China’s campaign to slim down its bloated industries could be derailed by more than $1.5 trillion of debt in its steel, coal, cement and non-ferrous metal sectors, which threatens to overwhelm local banks.

Tackling industrial overcapacity has become a priority for Beijing to make its slowing economy more efficient and address a supply glut that has hammered coal and steel prices.

China is providing more than 100 billion yuan ($15 billion) in the next two years to handle layoffs from coal and steel, but that will only be made available once debts have been settled.

That’s the key detail in the plan. Critics say there is no clear mechanism for tackling the debt burden, which will put huge strain on the weakest sections of the banking sector.

“China needs to set up a new organization, a special bank just to take over these debts in order to avoid the local banks going bankrupt,” said steel industry consultant Xu Zhongbo.

The debt figures, revealed in papers submitted to China’s parliament this month, highlight the dilemma facing state firms grappling with surplus capacity and how difficult it will be to pull off this central plank of Beijing’s economic reform plans.
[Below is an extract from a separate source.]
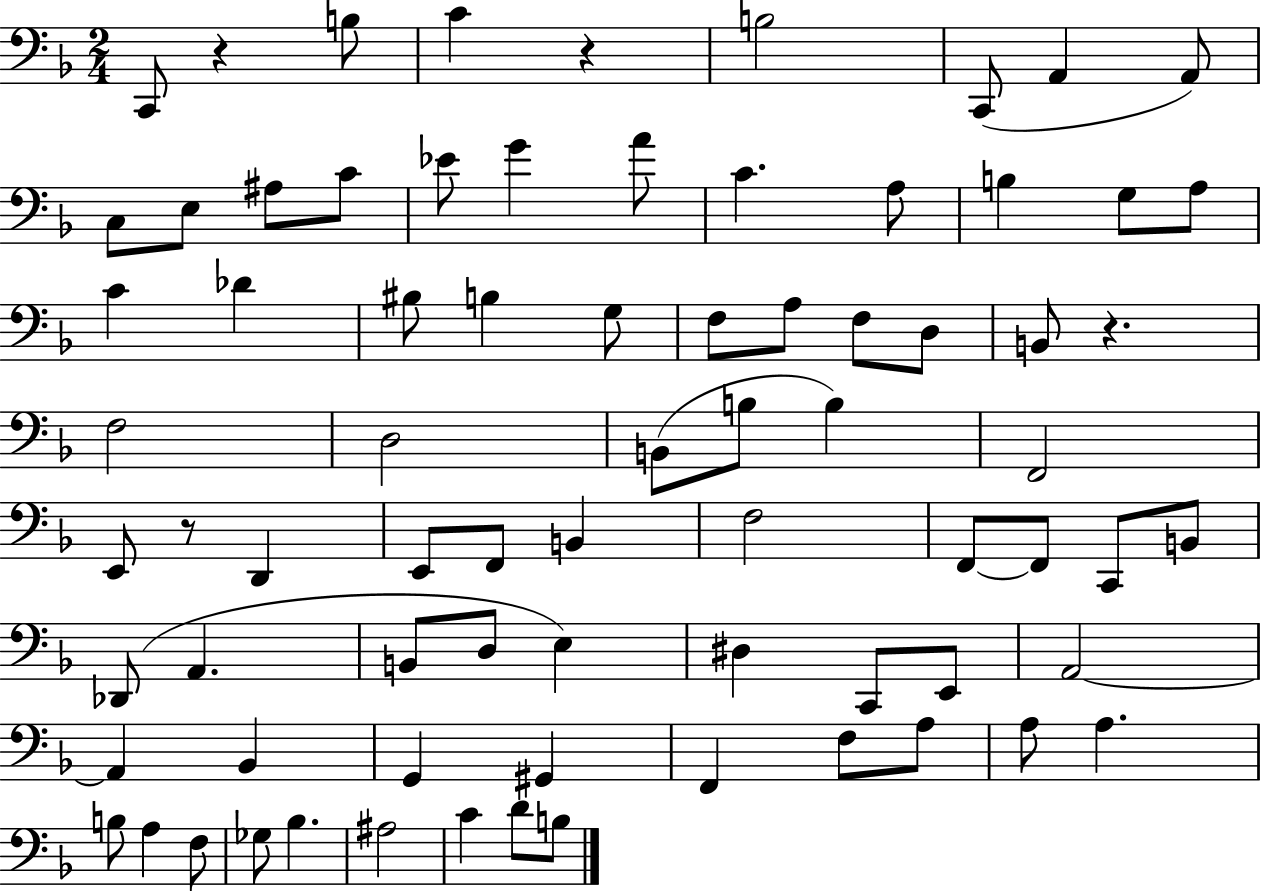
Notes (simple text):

C2/e R/q B3/e C4/q R/q B3/h C2/e A2/q A2/e C3/e E3/e A#3/e C4/e Eb4/e G4/q A4/e C4/q. A3/e B3/q G3/e A3/e C4/q Db4/q BIS3/e B3/q G3/e F3/e A3/e F3/e D3/e B2/e R/q. F3/h D3/h B2/e B3/e B3/q F2/h E2/e R/e D2/q E2/e F2/e B2/q F3/h F2/e F2/e C2/e B2/e Db2/e A2/q. B2/e D3/e E3/q D#3/q C2/e E2/e A2/h A2/q Bb2/q G2/q G#2/q F2/q F3/e A3/e A3/e A3/q. B3/e A3/q F3/e Gb3/e Bb3/q. A#3/h C4/q D4/e B3/e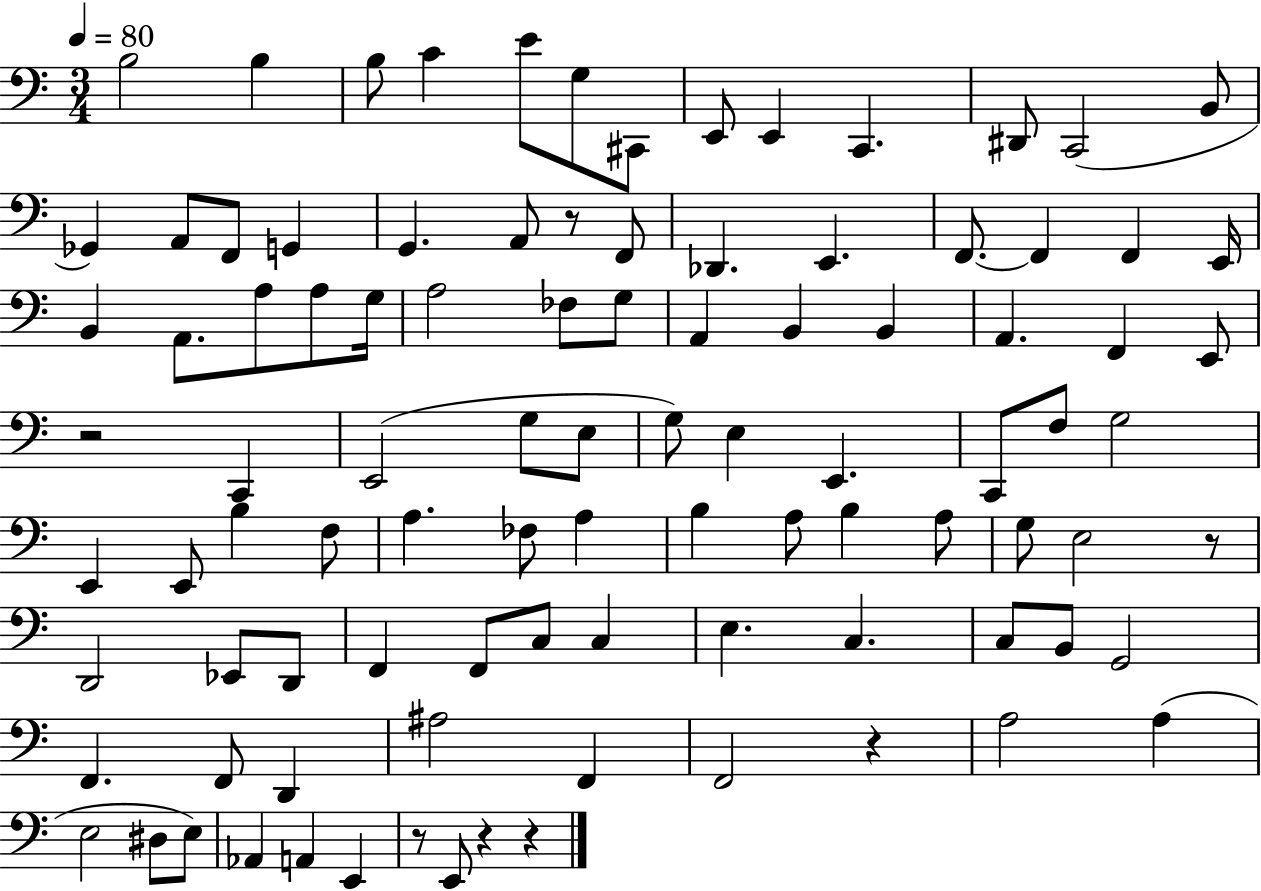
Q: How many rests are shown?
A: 7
Costs for the estimated 1.3 million coal-sector layoffs alone are as much as 195 billion yuan, and coal industry delegates attending parliament urged government to provide more support to deal with the mounting debts of hundreds of stricken “zombie” firms.
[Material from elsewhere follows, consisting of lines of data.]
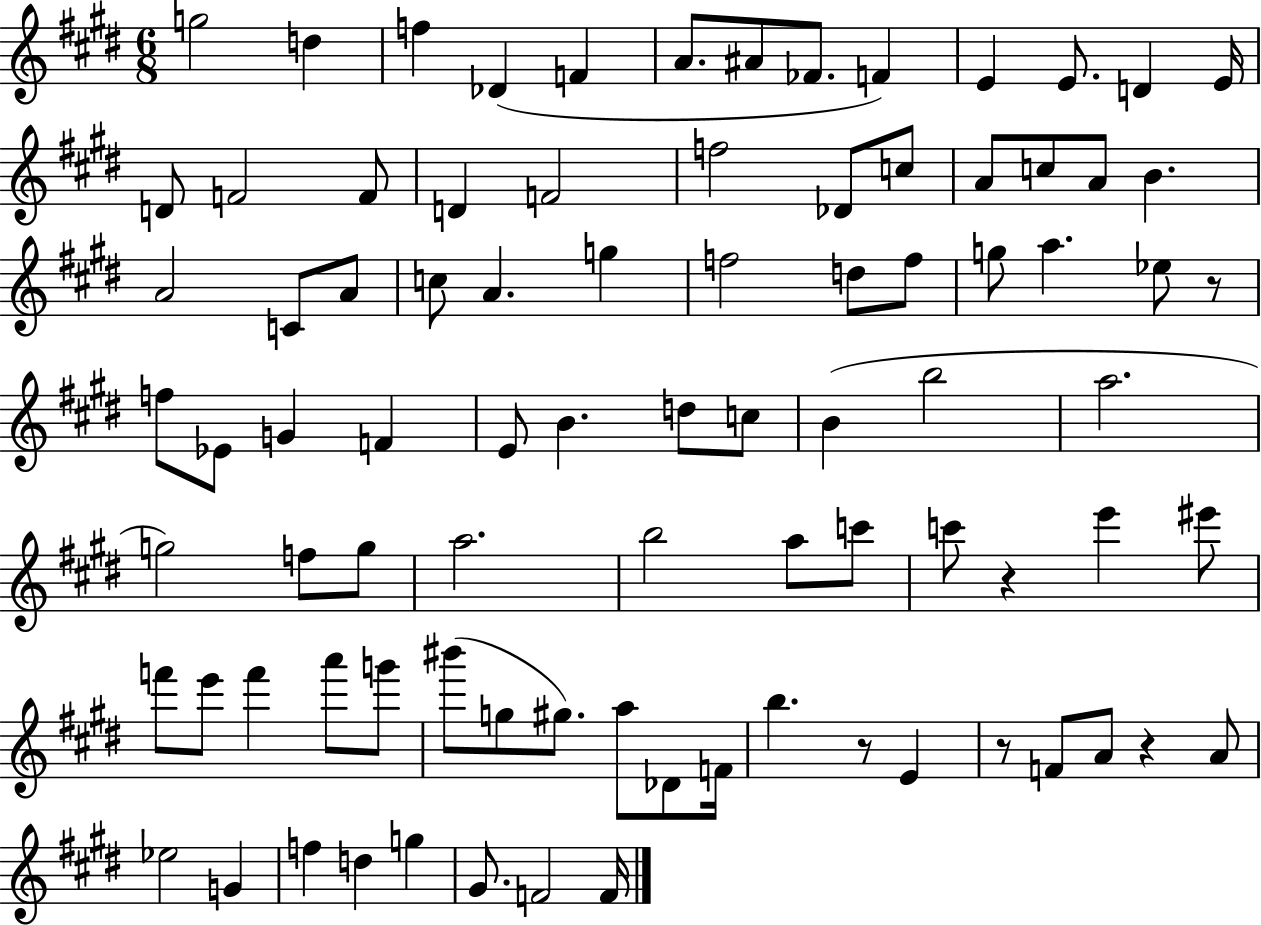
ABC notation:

X:1
T:Untitled
M:6/8
L:1/4
K:E
g2 d f _D F A/2 ^A/2 _F/2 F E E/2 D E/4 D/2 F2 F/2 D F2 f2 _D/2 c/2 A/2 c/2 A/2 B A2 C/2 A/2 c/2 A g f2 d/2 f/2 g/2 a _e/2 z/2 f/2 _E/2 G F E/2 B d/2 c/2 B b2 a2 g2 f/2 g/2 a2 b2 a/2 c'/2 c'/2 z e' ^e'/2 f'/2 e'/2 f' a'/2 g'/2 ^b'/2 g/2 ^g/2 a/2 _D/2 F/4 b z/2 E z/2 F/2 A/2 z A/2 _e2 G f d g ^G/2 F2 F/4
The four sectors targeted in the battle against overcapacity owe around 10.2 trillion yuan ($1.56 trillion), according to documents submitted to parliament by Wang Mingsheng, head of Anhui-based coal firm Huaibei Mining.

China’s statistics bureau puts coal and steel debts alone at 8 trillion yuan, of which about a third is bank debt.

If 20% of that goes bad in 2016, which industry analysts say is not unrealistic, it would raise Chinese banks’ non-performing loans by nearly half.

Bankers say city and regional banks set up by party or provincial government officials are most exposed, and that official NPLs, which already doubled last year, underestimate the scale of their problem lending.

China’s banking regulator didn’t return a request for comment, though earlier in March sent notices to joint-stock banks and city commercial lenders to boost risk assessment and collateral valuations to control exposure to industries suffering overcapacity.

A lawyer who handles steel industry non-performing loans for mid-sized Chinese banks said: “Banks’ fear is not without reason. The steel sector’s continued slump increases the difficulty of disposing of outstanding non-performing loans.”

In plans published in February, Beijing promised to slash 100-150 million tonnes, or up to 12.5 percent, of crude steel capacity and as much as 500 million tonnes, or 9 percent, of coal production in over three to five years.

The February policy documents said China would create a special mechanism to restructure industry debts and non-performing assets while introducing incentives to write off bad debts or transfer them to specialist asset managers, but officials said more specific measures were required.

“To cut capacity we cannot just shout slogans and issue targets – we must have a realistic and effective mechanism,” said Wang at Huaibei Mining Group.